La obra cumbre de su literatura, el inmortal Don Quijote de la Mancha, de Miguel de Cervantes Saavedra, es el segundo texto más leído mundialmente, luego del libro sagrado del cristianismo: la Biblia. A lo largo de los años, ha dado figuras del más alto renombre en las letras universales, ya clásicos obligados y traducidos a numerosos idiomas, muchas de ellas con Premio Nobel de Literatura: Gabriel García Márquez, Jorge Luis Borges, Octavio Paz, Jacinto Benavente, Juan Ramón Jiménez, Pablo Neruda, Gabriela Mistral, Camilo José Cela, Julio Cortázar, Mario Vargas Llosa, Eduardo Galeano. Pero su ortografía es endemoniada.

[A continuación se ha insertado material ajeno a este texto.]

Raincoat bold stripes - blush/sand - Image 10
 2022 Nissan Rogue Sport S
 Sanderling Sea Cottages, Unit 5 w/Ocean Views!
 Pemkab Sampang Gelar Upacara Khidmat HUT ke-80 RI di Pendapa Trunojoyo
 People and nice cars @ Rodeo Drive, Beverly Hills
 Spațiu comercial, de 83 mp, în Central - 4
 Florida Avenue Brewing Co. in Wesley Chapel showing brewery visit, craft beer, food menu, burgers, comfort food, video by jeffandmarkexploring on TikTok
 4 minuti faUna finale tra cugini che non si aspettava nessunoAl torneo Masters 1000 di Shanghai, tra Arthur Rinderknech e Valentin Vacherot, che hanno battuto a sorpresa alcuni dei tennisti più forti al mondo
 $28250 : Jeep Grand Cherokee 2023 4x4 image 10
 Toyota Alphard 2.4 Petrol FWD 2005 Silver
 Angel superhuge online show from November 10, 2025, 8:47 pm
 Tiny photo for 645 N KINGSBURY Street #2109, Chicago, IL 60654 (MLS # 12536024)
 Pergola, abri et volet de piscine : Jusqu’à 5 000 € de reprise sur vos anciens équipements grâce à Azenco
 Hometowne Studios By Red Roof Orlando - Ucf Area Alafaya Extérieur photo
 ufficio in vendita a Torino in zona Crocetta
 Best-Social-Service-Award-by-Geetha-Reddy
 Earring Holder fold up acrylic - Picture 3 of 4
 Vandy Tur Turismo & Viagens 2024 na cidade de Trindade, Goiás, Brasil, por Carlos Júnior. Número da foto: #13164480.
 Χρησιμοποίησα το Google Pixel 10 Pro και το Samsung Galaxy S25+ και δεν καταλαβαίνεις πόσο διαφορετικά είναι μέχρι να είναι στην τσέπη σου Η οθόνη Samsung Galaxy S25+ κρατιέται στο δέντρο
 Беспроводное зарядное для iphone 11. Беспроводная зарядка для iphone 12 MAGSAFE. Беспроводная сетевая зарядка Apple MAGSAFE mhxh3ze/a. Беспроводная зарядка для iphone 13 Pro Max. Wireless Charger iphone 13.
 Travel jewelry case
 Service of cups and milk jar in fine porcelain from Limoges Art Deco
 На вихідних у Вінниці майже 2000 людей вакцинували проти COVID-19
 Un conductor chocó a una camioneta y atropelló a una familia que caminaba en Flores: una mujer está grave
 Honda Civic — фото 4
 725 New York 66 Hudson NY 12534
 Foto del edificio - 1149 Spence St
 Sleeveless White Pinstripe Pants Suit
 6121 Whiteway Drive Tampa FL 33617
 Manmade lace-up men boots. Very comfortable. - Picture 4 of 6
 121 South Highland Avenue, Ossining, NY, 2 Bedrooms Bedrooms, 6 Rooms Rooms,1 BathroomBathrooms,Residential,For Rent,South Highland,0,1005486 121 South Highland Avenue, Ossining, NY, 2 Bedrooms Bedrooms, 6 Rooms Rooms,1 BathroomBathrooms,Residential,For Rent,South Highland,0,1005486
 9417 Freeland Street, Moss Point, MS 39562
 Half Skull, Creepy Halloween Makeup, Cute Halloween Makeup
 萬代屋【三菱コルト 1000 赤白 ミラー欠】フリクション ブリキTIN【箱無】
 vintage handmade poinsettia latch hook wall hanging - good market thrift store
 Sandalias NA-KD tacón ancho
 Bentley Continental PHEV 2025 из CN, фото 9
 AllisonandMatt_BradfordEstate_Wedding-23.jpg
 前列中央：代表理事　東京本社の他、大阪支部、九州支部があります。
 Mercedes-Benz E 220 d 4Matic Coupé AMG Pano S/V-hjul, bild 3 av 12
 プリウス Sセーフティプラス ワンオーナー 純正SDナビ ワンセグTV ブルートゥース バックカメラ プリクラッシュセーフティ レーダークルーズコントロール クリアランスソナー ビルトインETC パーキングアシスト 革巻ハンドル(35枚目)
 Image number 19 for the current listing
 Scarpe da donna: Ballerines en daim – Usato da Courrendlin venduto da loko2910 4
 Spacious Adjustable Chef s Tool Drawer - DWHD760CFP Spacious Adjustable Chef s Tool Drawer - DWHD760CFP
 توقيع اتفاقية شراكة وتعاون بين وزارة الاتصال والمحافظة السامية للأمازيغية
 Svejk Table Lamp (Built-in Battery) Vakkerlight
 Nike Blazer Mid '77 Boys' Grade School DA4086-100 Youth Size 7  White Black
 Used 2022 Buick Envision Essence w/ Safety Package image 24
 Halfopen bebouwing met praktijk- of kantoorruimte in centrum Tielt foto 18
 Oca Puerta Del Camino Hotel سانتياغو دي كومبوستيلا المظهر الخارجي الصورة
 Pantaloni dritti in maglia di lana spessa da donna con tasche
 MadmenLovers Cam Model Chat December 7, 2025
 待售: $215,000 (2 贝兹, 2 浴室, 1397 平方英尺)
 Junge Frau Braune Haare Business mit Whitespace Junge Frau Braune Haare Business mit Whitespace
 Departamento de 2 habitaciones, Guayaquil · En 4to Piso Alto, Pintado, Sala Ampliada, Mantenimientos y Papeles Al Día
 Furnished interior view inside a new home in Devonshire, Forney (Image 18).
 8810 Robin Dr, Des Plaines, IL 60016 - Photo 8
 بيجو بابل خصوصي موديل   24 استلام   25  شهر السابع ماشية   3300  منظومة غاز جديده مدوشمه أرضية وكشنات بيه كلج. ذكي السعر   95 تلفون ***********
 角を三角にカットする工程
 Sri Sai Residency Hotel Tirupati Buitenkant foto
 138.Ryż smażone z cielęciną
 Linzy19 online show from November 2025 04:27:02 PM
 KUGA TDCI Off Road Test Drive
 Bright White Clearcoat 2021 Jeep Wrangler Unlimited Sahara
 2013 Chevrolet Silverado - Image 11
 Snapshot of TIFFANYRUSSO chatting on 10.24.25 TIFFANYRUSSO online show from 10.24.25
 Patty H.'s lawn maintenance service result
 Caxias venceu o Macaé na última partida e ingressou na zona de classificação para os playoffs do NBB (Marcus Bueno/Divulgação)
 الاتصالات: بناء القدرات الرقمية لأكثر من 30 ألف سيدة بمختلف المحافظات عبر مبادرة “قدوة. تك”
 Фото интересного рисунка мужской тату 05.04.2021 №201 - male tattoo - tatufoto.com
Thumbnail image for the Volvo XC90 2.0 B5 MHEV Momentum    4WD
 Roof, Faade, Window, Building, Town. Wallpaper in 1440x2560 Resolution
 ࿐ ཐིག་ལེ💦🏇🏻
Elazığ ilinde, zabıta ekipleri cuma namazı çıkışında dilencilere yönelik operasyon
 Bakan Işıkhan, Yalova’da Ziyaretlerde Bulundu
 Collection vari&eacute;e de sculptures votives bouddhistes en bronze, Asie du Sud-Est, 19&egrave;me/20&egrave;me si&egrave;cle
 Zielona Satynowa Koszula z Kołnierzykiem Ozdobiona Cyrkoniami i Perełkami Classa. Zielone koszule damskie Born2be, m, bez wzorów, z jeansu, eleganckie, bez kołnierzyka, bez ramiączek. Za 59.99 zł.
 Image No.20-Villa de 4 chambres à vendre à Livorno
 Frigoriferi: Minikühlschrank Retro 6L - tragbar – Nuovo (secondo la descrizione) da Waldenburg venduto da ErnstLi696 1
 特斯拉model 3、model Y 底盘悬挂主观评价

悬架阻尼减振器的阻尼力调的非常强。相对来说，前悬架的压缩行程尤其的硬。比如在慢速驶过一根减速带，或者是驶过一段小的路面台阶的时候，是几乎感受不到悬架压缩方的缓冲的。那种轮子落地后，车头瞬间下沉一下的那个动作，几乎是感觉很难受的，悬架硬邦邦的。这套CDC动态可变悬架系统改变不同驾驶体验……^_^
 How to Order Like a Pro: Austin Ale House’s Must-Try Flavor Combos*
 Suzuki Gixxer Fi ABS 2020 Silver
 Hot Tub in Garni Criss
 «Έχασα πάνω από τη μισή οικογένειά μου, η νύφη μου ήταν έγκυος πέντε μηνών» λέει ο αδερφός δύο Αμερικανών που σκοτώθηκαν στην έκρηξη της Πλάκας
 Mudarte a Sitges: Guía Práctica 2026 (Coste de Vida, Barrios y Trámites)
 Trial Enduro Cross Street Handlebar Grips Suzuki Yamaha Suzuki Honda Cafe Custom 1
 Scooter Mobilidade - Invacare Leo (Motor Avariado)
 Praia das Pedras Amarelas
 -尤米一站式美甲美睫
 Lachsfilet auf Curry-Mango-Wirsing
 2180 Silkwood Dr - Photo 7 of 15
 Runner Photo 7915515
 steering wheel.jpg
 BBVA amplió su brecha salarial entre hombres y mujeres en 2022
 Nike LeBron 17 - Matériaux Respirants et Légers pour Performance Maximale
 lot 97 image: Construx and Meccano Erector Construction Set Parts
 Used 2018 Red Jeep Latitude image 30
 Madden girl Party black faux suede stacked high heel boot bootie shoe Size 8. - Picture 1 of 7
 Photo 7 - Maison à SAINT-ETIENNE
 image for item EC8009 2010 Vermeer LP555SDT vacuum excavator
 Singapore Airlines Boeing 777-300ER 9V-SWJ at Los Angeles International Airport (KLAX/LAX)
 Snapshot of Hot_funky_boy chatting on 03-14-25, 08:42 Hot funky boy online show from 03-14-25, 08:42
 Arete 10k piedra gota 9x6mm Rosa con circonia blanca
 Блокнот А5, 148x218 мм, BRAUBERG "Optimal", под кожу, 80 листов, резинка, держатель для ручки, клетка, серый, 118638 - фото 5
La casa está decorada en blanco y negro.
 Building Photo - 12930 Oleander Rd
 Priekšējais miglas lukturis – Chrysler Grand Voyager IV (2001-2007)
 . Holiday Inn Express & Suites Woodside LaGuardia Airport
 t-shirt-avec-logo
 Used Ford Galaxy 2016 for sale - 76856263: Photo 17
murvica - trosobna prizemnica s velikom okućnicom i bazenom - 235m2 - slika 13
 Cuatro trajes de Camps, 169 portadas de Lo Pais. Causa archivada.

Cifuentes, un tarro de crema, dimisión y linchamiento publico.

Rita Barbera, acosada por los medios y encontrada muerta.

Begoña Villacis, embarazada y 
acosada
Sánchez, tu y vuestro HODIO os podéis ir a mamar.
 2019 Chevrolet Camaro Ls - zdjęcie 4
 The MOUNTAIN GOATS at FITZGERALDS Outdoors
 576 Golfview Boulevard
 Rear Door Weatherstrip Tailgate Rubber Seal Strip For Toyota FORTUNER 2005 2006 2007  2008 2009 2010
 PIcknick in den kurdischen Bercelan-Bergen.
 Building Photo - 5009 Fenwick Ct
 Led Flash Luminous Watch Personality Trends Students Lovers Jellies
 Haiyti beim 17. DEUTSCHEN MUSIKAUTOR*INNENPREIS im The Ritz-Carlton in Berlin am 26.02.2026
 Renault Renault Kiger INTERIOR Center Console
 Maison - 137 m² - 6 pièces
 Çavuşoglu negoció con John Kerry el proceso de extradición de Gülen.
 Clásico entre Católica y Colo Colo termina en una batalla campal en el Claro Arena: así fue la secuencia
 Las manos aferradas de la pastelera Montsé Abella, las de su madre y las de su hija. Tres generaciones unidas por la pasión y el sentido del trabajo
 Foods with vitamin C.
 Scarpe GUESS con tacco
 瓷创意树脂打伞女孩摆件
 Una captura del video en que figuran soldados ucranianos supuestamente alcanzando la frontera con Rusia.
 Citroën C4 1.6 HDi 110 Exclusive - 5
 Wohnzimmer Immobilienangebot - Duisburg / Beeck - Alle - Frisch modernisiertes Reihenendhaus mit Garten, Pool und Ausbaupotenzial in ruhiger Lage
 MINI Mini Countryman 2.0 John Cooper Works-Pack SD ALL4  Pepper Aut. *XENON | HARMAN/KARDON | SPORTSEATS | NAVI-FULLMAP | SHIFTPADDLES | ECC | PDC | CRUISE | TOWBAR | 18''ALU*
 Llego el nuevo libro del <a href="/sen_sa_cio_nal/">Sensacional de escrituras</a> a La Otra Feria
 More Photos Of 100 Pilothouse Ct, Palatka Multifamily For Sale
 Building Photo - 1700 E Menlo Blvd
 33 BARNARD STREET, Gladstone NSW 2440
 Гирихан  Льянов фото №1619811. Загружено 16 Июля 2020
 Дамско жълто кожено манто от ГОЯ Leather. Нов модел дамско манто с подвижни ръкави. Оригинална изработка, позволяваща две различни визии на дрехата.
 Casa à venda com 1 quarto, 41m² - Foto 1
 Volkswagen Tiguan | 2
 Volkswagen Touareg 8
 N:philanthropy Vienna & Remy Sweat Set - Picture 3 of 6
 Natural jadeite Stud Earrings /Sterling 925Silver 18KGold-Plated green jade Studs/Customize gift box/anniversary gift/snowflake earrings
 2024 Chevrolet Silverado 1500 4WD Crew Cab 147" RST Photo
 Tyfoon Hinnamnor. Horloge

«Se benden tortillas», «Pinchaso», «No horinar aquí», «Se hasen balcones». Anuncios así no nos sorprenden; por toda la geografía latinoamericana los encontramos. Incluso en más de algún aparato público puede leerse tranquilamente «Telefono», sin tilde. Y aún más: en un cuadro del presidente Juan José Arévalo, en Guatemala, se ve en su banda presidencial la palabra «Livertad». Y en Nicaragua, un documento emitido durante la Revolución Sandinista llevaba un sello del «Govierno revolucionario», mientras que una calificadora de excelencia universitaria de México otorga un certificado con la palabra «mencion», sin acento. ¿Somos unos brutos que no sabemos escribir los hispanohablantes? La cuestión es más compleja.
Sin dudas en Guatemala (cosa común a toda el área hispanohablante), pese a un Nobel de Literatura (Miguel Ángel Asturias), un Príncipe de Asturias (Tito Monterroso), un Premio Internacional Juan Rulfo (Mario Monteforte Toledo) —grandes galardones de las letras mundiales— la ortografía es aún una asignatura pendiente. El 18% de analfabetismo abierto, más allá las mencionadas luminarias literarias, no augura sino más faltas de ortografía. Ahora bien: ¿es grave eso?
Retomando lo que dijeron otros grandes literatos de la región, el uruguayo Mario Benedetti, por ejemplo, podemos pensar algo más integral, más superador del asunto: «Los escritores latinoamericanos deberíamos dedicarnos a analizar otras cuestiones más importantes que afectan nuestra lengua, entre ellos, la alta tasa de analfabetismo que soporta la región». O, como planteara el colombiano Gabriel García Márquez: «¡Juvilemos la hortografía! [Debemos] hacerla más humana, afable, familiar… que se busque fin a ese tormento que padecen los hispanoparlantes desde la escuela».
En realidad, la pregunta de fondo debería a apuntar a lo que señala Benedetti, o más aún, al meollo que está en juego en todo esto: ¿hasta dónde son necesarias esas tediosas reglas ortográficas? ¿Qué agregan ellas de verdaderamente positivo a la vida?
Seguramente decir esto traerá como reacción inmediata una andanada de críticas (viscerales en muchos casos) defendiendo a capa y espada la ortografía (una coma hace una gran diferencia: «Estoy de puta madre» no es lo mismo que decir «Estoy de puta, madre»). El debate, por cierto, no es nuevo.
De hecho, circula por allí un Manifiesto contra la Ortografía, donde se llama a su olvido para «dejar que todos podamos tener el derecho sagrado de escribir como nos dé la real gana y no como los académicos de la lengua española, en uso de su anacrónico y monárquico poder quieren que escribamos».
Ahora bien: tomando la posición de quienes la adversan (que además de García Márquez son otros muchos buenos escritores): ¿qué aportaría en el rótulo «hasen» en lugar de «hacen»? ¿Habría más «livertad» si la escribimos con b alta? ¿Dejaríamos de «horinar» en la calle si el rótulo fuera escrito sin h? ¿Más revolución si el documento oficial dice «gobierno»? ¿Para qué se mantiene la ortografía?